For this exercise, write out only the lines of the entries below from the one with "Escritorio Gamer, Rosa, 40 pulgadas" up to and including the one with "Trishul Damru Pendant Chain", exactly as they are. Pictures stay out.

Exercise input:
################

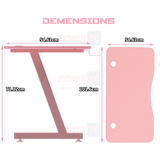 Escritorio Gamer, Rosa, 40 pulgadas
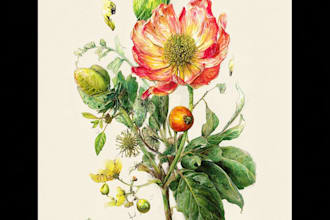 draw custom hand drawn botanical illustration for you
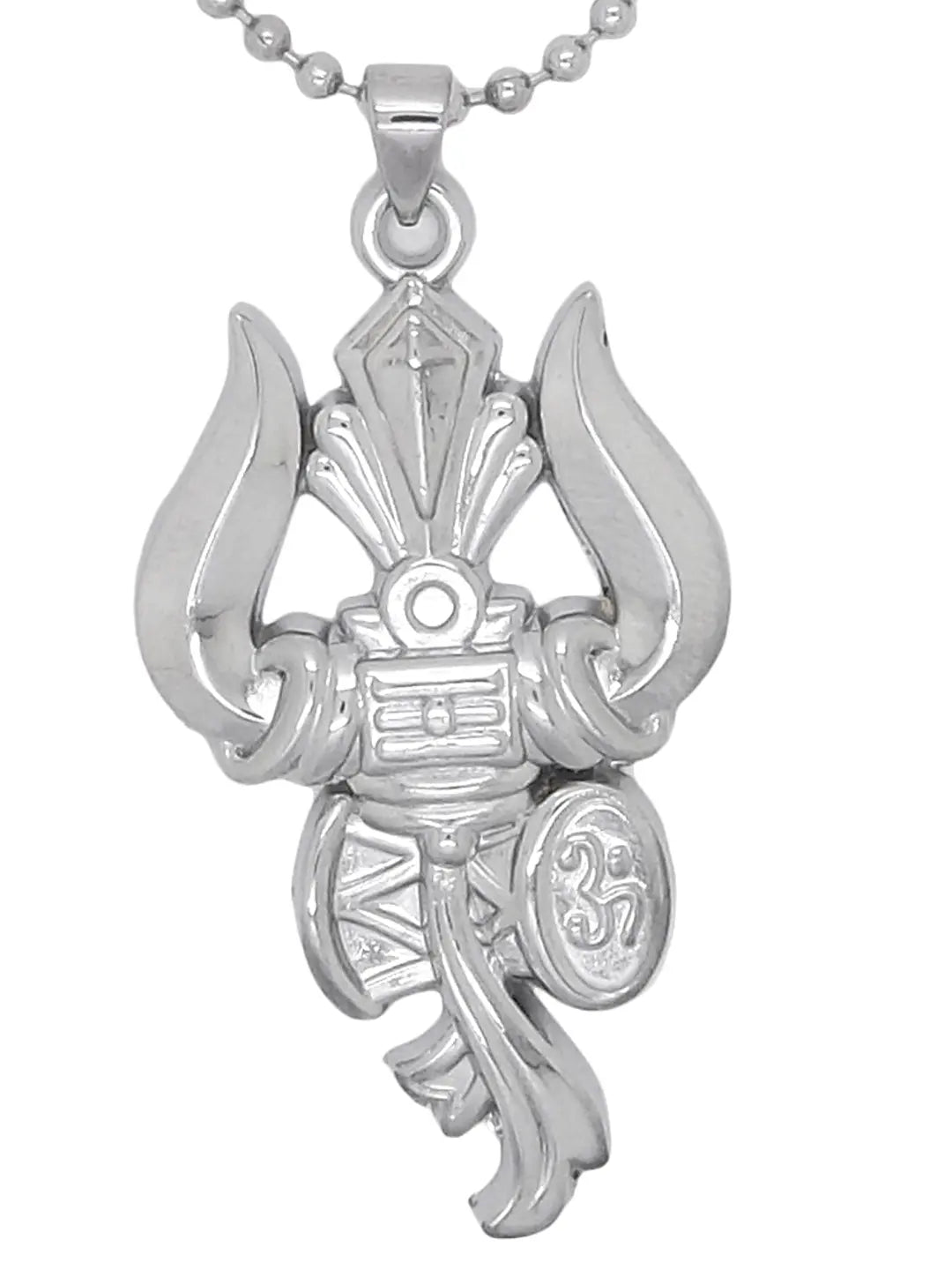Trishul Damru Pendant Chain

################

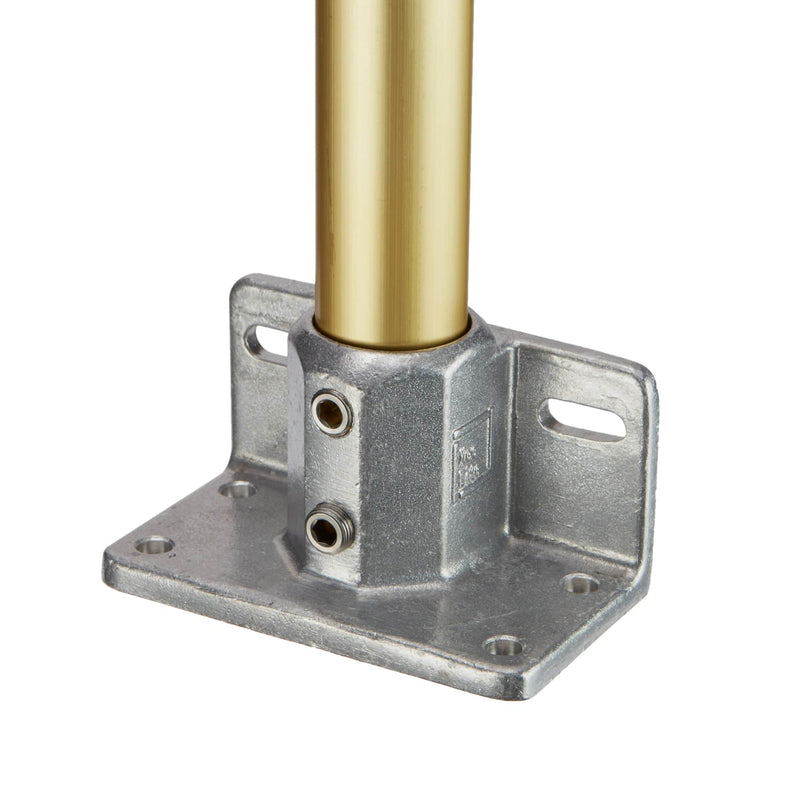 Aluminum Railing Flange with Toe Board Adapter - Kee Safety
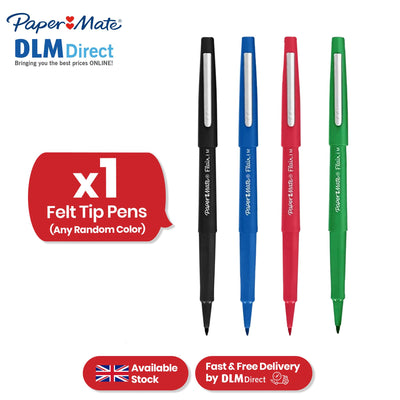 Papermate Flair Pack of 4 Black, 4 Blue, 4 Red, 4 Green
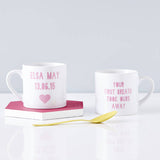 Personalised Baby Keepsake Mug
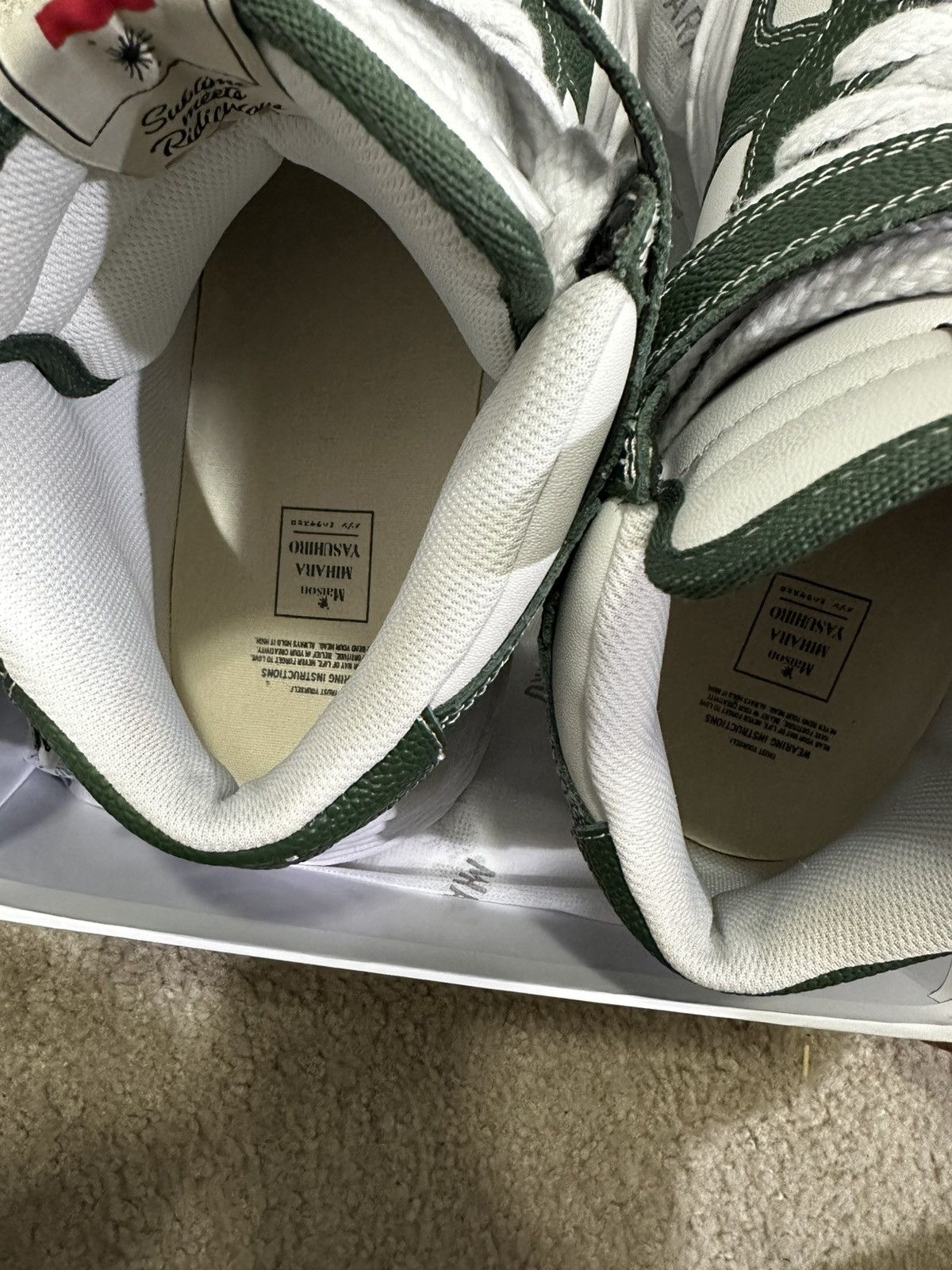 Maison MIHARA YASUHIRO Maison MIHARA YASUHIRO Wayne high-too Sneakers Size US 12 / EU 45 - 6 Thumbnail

################

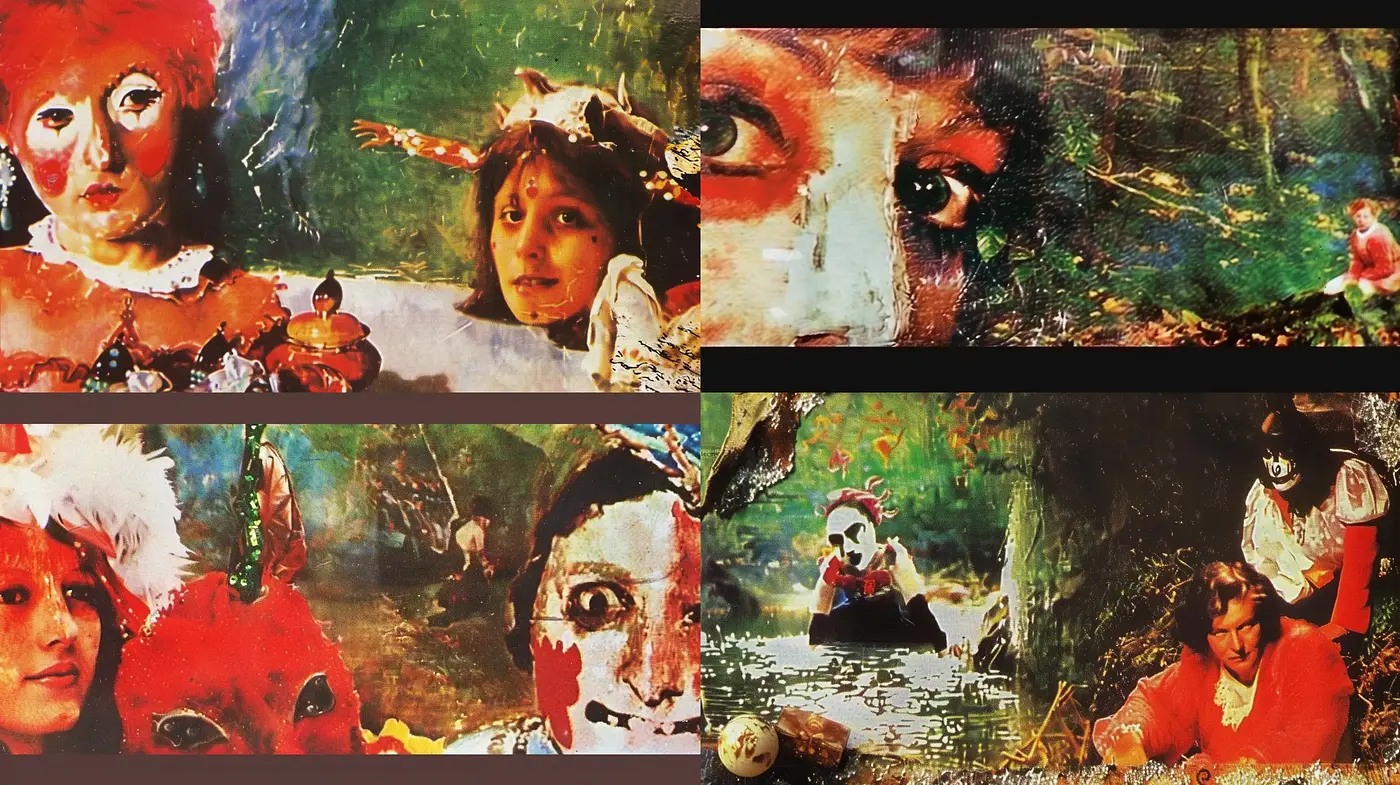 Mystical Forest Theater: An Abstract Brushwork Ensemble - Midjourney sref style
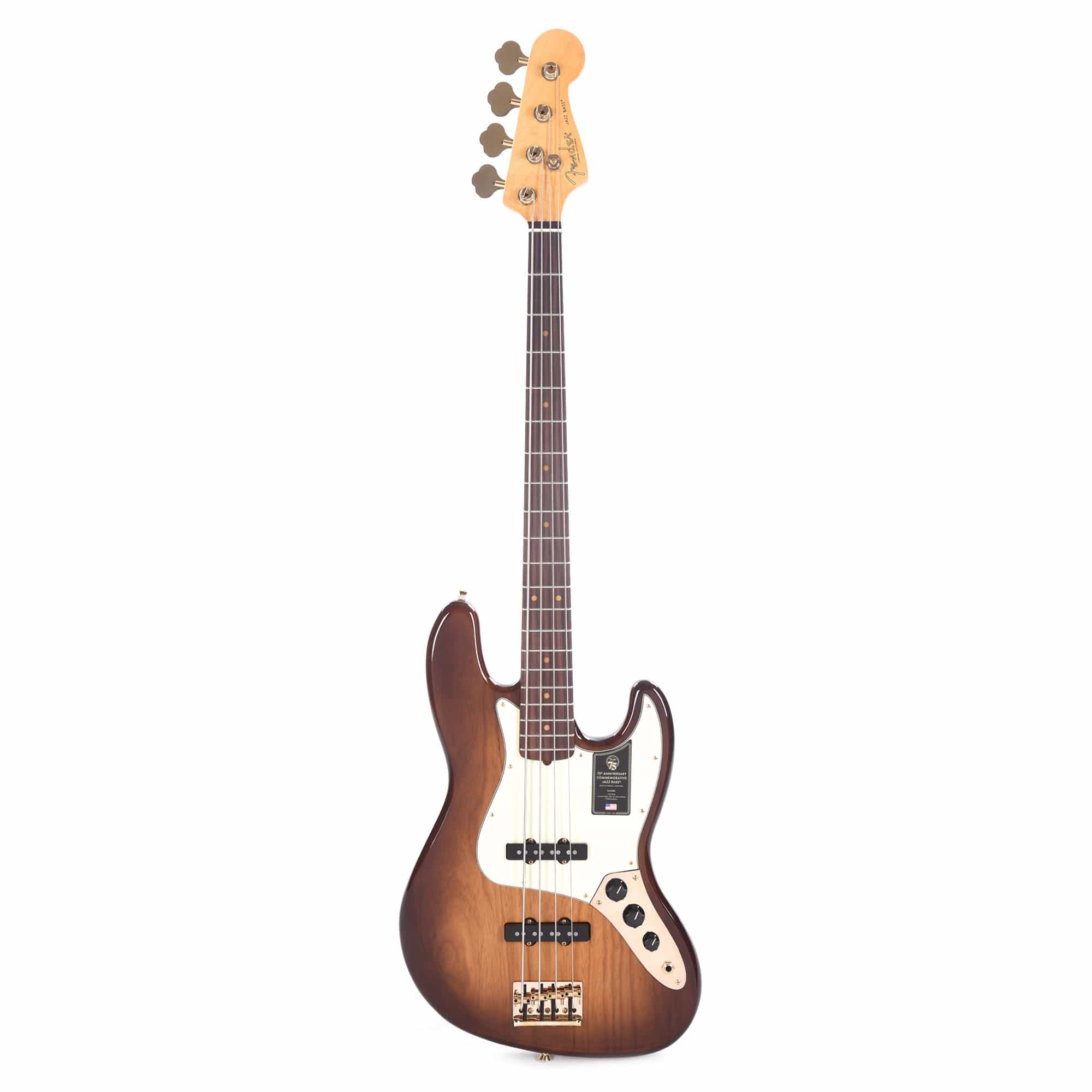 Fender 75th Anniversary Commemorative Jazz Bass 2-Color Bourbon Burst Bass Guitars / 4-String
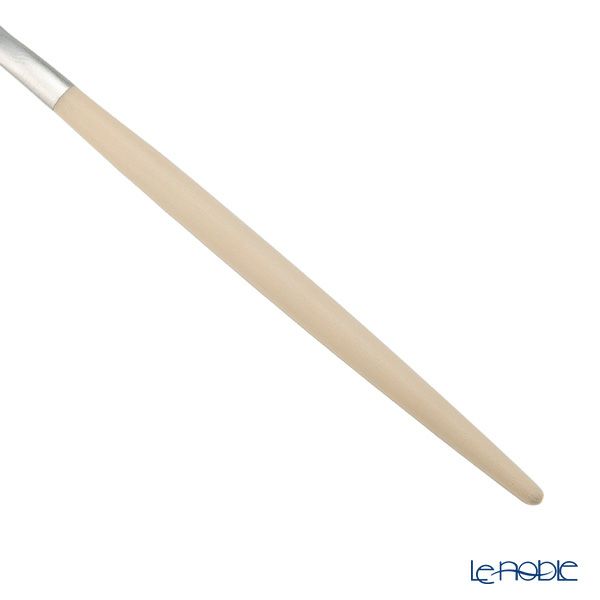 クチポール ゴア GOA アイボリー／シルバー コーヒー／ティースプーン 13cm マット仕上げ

################

Result for this task:
 Escritorio Gamer, Rosa, 40 pulgadas
 draw custom hand drawn botanical illustration for you
Trishul Damru Pendant Chain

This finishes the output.